Devant le rideau de fer baissé de l’accueil et sous les tentes de fortune dressées à la hâte, la colère accumulée depuis des mois a fini par éclater au grand jour. Banderoles prônant le « Respect des agents », appels à la revalorisation de la vie chère à 53 %, et slogans fermes contre les « licenciements abusifs ». Depuis lundi 27 juillet, le parvis du siège de la Caisse de Sécurité Sociale de Mayotte (CSSM) est devenu le théâtre d’une mobilisation.
Installés dès l’aube jusqu’en fin d’après-midi, les salariés ont tenu le pavé pour protester contre le renvoi soudain de l’un de leurs collègues, accusé par la hiérarchie d’avoir géré une entreprise privée non déclarée. Une sanction jugée infondée et expéditive par le personnel. « Nous sommes sortis pour manifester suite au licenciement d’un de nos collègues. Nous estimons que c’est une décision prise à la hâte et sans fondement », explique Sania, salariée mobilisée sur place. « Ce collègue est un ancien qu’on connaît et qu’on côtoie au quotidien. Il fait partie de la famille et nous n’avons rien à lui reprocher », ajoute-t-elle.
Un licenciement sans preuve qui déclenche l’étincelle

Ce manque de preuves matérielles a également fait réagir en interne.
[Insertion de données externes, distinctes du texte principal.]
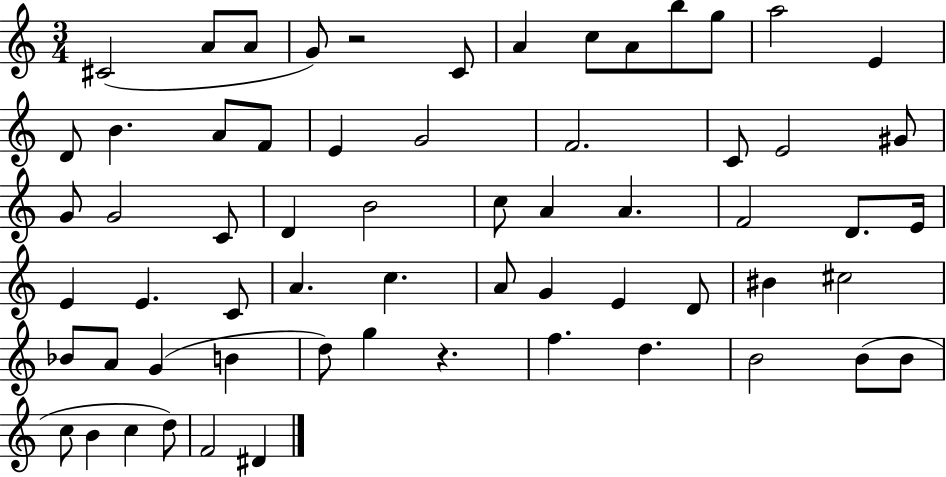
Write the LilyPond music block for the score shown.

{
  \clef treble
  \numericTimeSignature
  \time 3/4
  \key c \major
  cis'2( a'8 a'8 | g'8) r2 c'8 | a'4 c''8 a'8 b''8 g''8 | a''2 e'4 | \break d'8 b'4. a'8 f'8 | e'4 g'2 | f'2. | c'8 e'2 gis'8 | \break g'8 g'2 c'8 | d'4 b'2 | c''8 a'4 a'4. | f'2 d'8. e'16 | \break e'4 e'4. c'8 | a'4. c''4. | a'8 g'4 e'4 d'8 | bis'4 cis''2 | \break bes'8 a'8 g'4( b'4 | d''8) g''4 r4. | f''4. d''4. | b'2 b'8( b'8 | \break c''8 b'4 c''4 d''8) | f'2 dis'4 | \bar "|."
}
Un membre du Conseil d’administration de la CSSM est venu prêter main-forte aux grévistes pour dénoncer des méthodes managériales d’une grande brutalité. « Ici, la direction a licencié pour licencier, sans s’appuyer sur des éléments probants. C’est tout simplement la goutte d’eau qui a fait déborder le vase ».
Présente sur le piquet de grève aux côtés des « anciens » pour favoriser le dialogue social, la députée de Mayotte, Anchya Bamana, a suivi de près l’avancée des pourparlers. « J’ai été interpellée en tant que députée pour faire en sorte que le dialogue social puisse s’établir. Je viens d’apprendre que le premier point de revendication est honoré : la réintégration de l’agent licencié », s’est réjouie l’élue mahoraise.
Victoire étape et appel à l’alignement des droits sociaux
Anchya Bamana rappelle toutefois que la bataille dépasse le cadre de cette annulation. « Il y a des revendications d’égalité sociale totalement légitimes, comme l’indexation à 53 % au même titre qu’à La Réunion. Mayotte est un département français depuis 2011, il n’y a aucune raison que nous n’ayons pas les mêmes droits. Je parle d’un vrai alignement des droits sociaux, pas d’une simple convergence ».

Outre l’indexation des salaires et l’amélioration de la formation interne, le personnel dénonce la dégradation constante de leurs conditions de travail ainsi que l’externalisation de nombreux services vers La Réunion ou l’Hexagone. Des compétences et des postes qui pourraient, selon eux, être directement créés sur l’île pour offrir un service public digne de ce nom aux assurés mahorais.
Si l’annulation de la sanction et la réintégration actée de leur collègue apportent un soulagement immédiat sur le piquet de grève, les agents de la CSSM restent extrêmement vigilants. En prouvant que la solidarité syndicale pouvait faire plier la direction, ils ont prévenu : la garde ne sera pas baissée tant que l’ensemble des doléances sociales n’aura pas trouvé de réponse concrète.